The "usage" is the cost, in credits

fast stream
#

@steep garnet Thank you very much I went too fast, I tested this late last night after a big day of code and I thought that usages corresponded to the generation speed... 🤦‍♂️

Is it possible to get the input usage and the output usage too ?

Ok, now I understand the difference between native_tokens and tokens, thanks! (I had looked in the doc but couldn't find anything about it)

I have another question: what's the 5€/1K request on the Perplexity models, is it included in the price for 1k tokens that you read in the doc page or is it extra? Does the generation.usage value for this model include all this or is the api key charged extra for the 5€/1K request?

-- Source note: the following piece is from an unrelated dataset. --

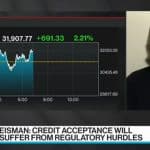 Steve Eisman on Bitcoin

Thanks for your quick reply!

bitter canopy
#

The docs page doesn't include per-request pricing yet, which is only relevant for multimodel models (when you submit images, you get charged per image) and online models (perplexity)

#

The /models page has everything

#

Sorry about that - docs page is getting redone soon

#

cc @tribal fable

fast stream
#

@bitter canopy Okay thanks, so for Perplexity models, does the usage returned by the /api/v1/generation endpoint include the full cost or only the token cost?
It would be nice if it either returned the total cost directly, or also included a new key with additional_usage, for example.

(Also, the /api/v1/generation endpoint response is wrapped in a data object, but not in the doc example. I don't know if this is normal, but I wanted to let you know)

Thanks

bitter canopy
#

@fast stream the usage in the generation endpoint includes the full cost

#

including the request cost

#

good catch re: data, will fix that in the docs!